___ SOURCE MATERIAL ___

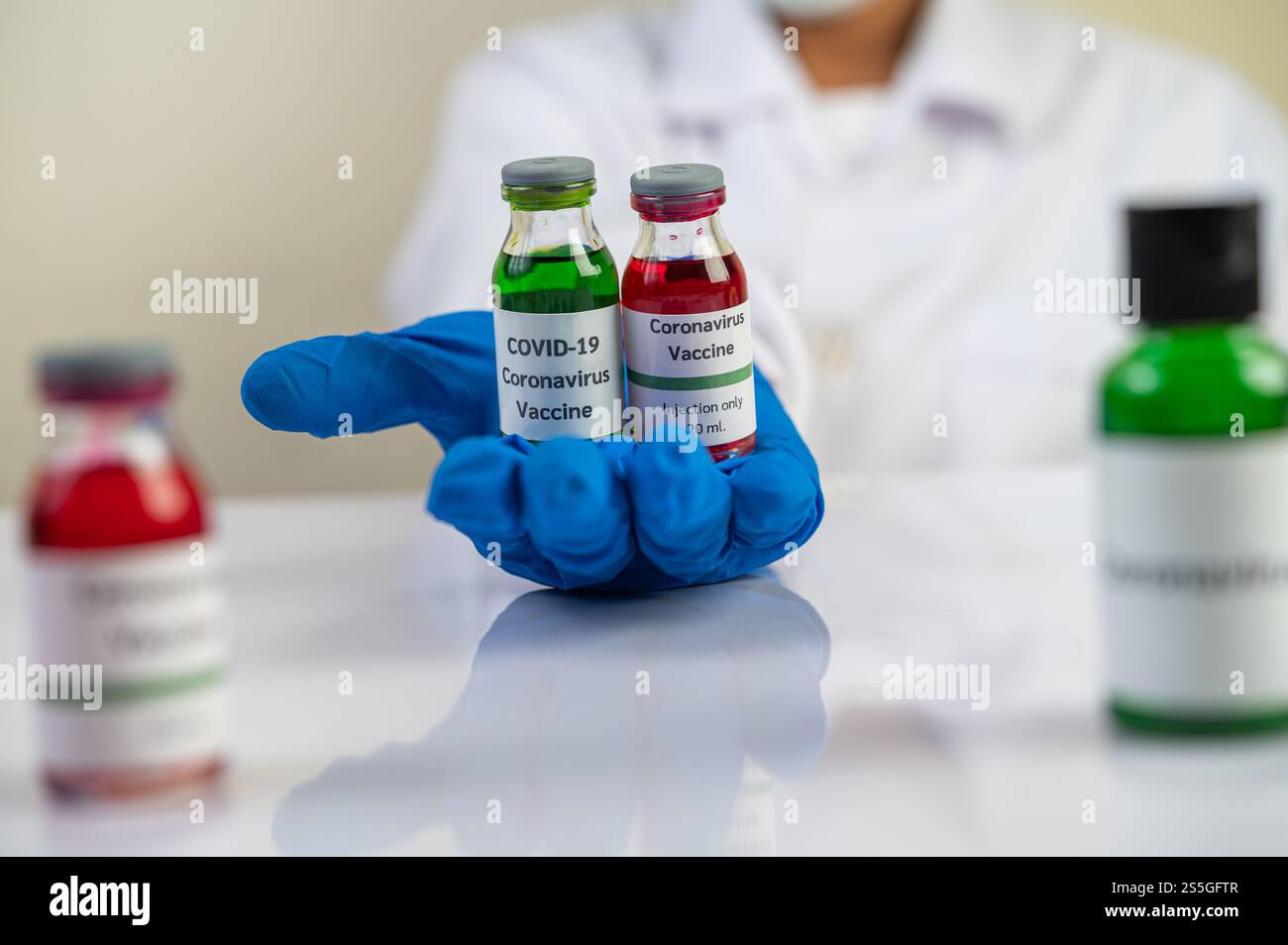 Les scientifiques portent des masques et des gants, portant des fioles avec des vaccins pour protéger COVID-19 Banque D'Images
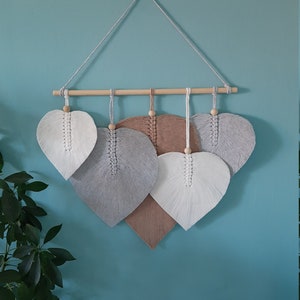 Puede incluir: Un tapiz de pared con cuatro piezas de macramé en forma de corazón en tonos grises, blancos y marrones. Los corazones están dispuestos en forma escalonada, con el corazón más grande en la parte inferior y el más pequeño en la parte superior. Los corazones están hechos con un hilo grueso y texturizado y tienen una franja en la parte inferior.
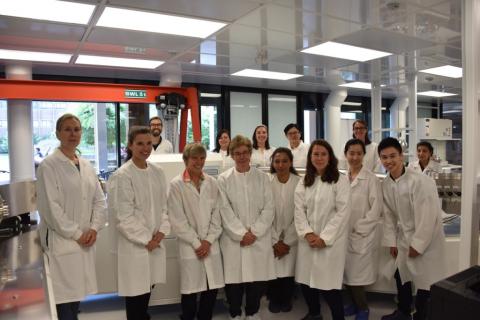 Lab group shot in white coats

___

### EXERCISE GOAL
Copy out the material exactly as it stands, though no picture should appear in the copy.

### ANSWER
 Les scientifiques portent des masques et des gants, portant des fioles avec des vaccins pour protéger COVID-19 Banque D'Images
 Puede incluir: Un tapiz de pared con cuatro piezas de macramé en forma de corazón en tonos grises, blancos y marrones. Los corazones están dispuestos en forma escalonada, con el corazón más grande en la parte inferior y el más pequeño en la parte superior. Los corazones están hechos con un hilo grueso y texturizado y tienen una franja en la parte inferior.
 Lab group shot in white coats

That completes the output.